Task input START

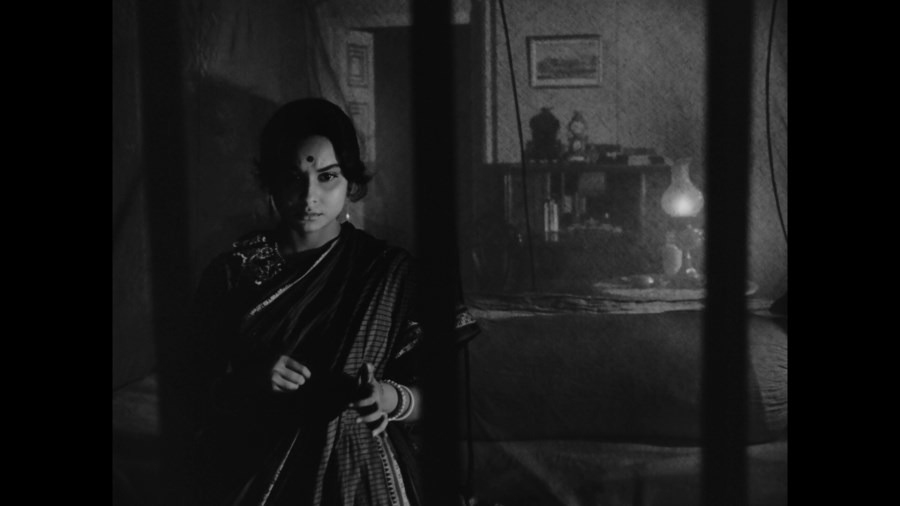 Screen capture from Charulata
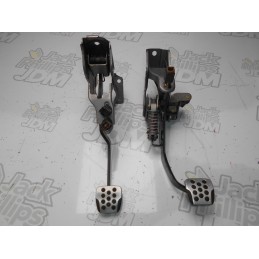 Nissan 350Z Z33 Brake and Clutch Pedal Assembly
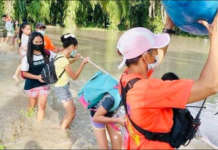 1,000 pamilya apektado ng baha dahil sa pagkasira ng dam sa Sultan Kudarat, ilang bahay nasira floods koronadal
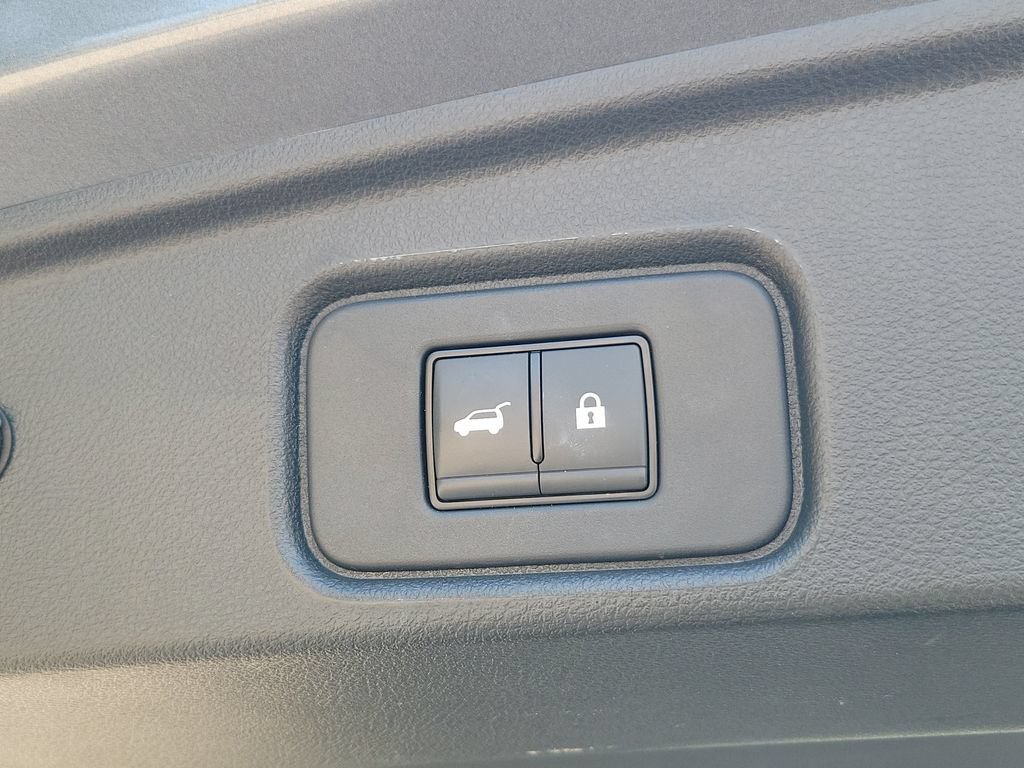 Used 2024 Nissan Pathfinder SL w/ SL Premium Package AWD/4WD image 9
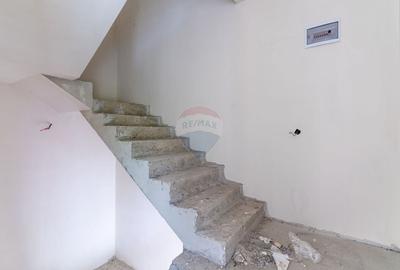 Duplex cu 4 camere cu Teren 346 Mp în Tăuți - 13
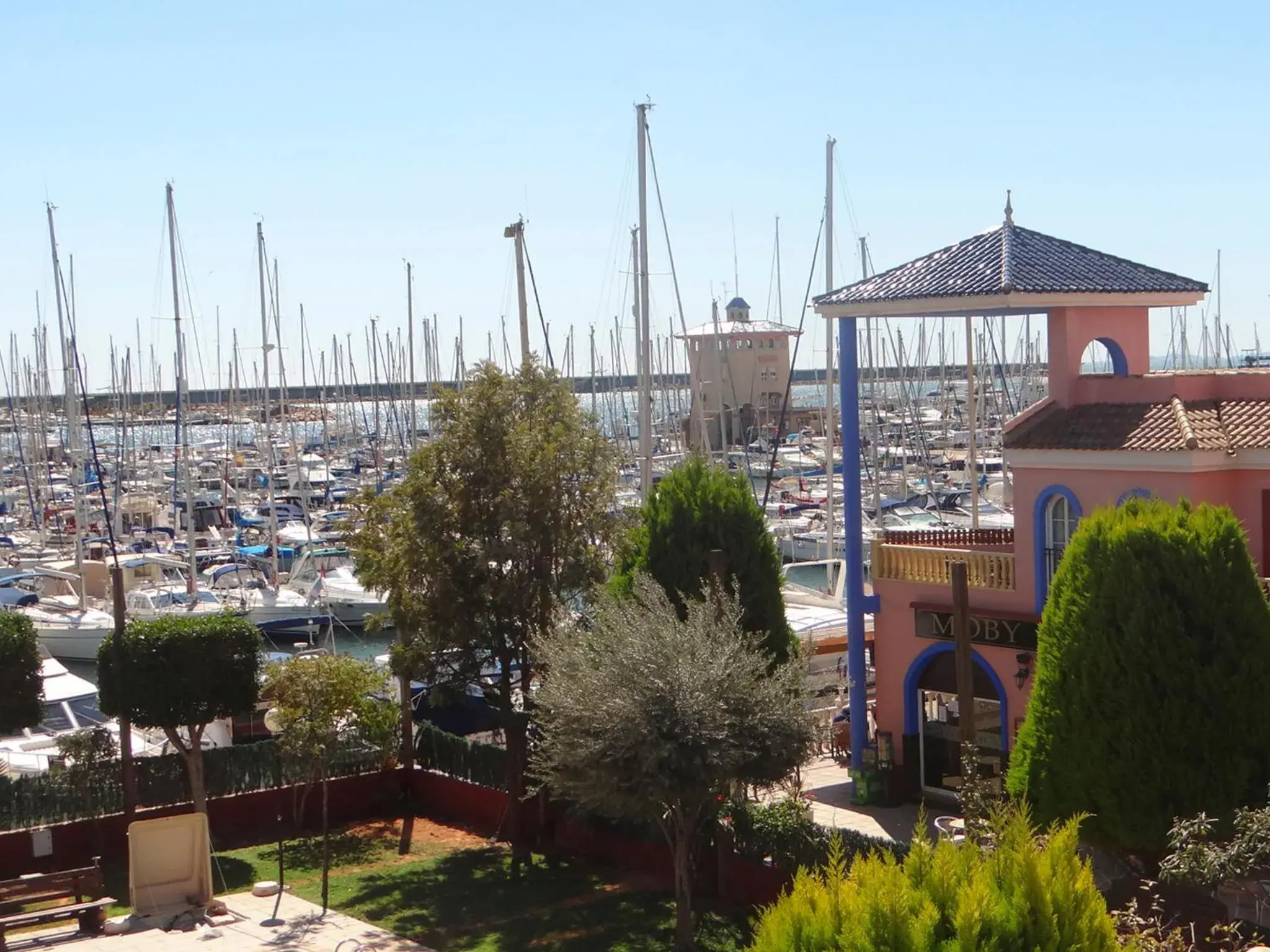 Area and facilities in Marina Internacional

Task input END

A word-for-word restatement of all the lines above is needed, with the pictures omitted.

 Screen capture from Charulata
 Nissan 350Z Z33 Brake and Clutch Pedal Assembly
 1,000 pamilya apektado ng baha dahil sa pagkasira ng dam sa Sultan Kudarat, ilang bahay nasira floods koronadal
 Used 2024 Nissan Pathfinder SL w/ SL Premium Package AWD/4WD image 9
 Duplex cu 4 camere cu Teren 346 Mp în Tăuți - 13
 Area and facilities in Marina Internacional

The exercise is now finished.